ABOUT ME
Hi, I'm Tao Ding (Chinese: 丁涛).

I'm a PhD student at the Department of Information Systems at University of Maryland, Baltimore County and advised by Dr. Shimei Pan in Text Mining and Social Media Analytics Lab. We mainly focus on social media-based user behavior and trait analysis. I was advisored by Dr.
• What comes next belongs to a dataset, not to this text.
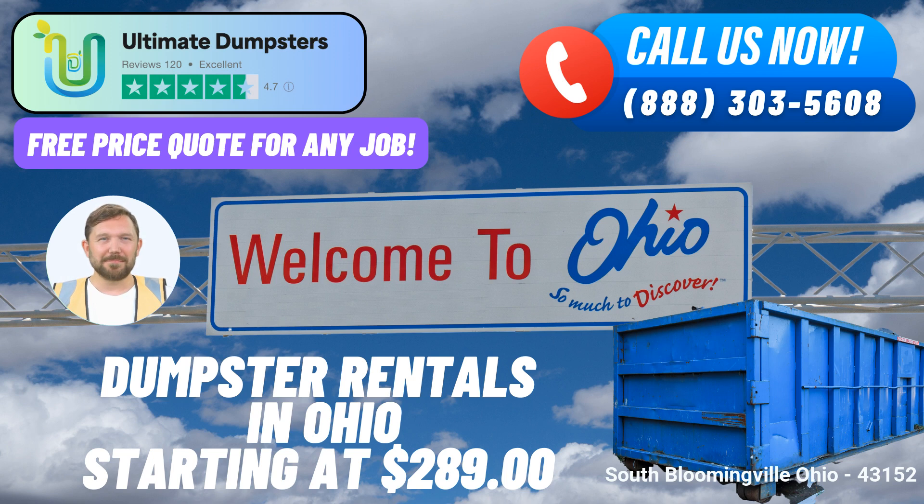Placing an order with Ultimate Dumpsters is easy. You can call us directly to discuss your requirements, or take advantage of the convenience offered by our QR code for online ordering. Plus, our current platform promotion rewards online orders with a generous 25% discount on dumpster rental services.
Malcom Gethers to work on feature location, impact analysis and software measurement tasks. My research interests include natural language processing, applied machine learning and software engineering.

I obtained my Master Degree in computer and information science from Gannon University in 2013, advised by Dr. Frank Xu. I received my bachelor’s degree in Software Engineering from Nanchang Hangkong University, China. Before I started working for my master degree, I had worked as software engineer for 3 years in SNDA and RENREN Inc.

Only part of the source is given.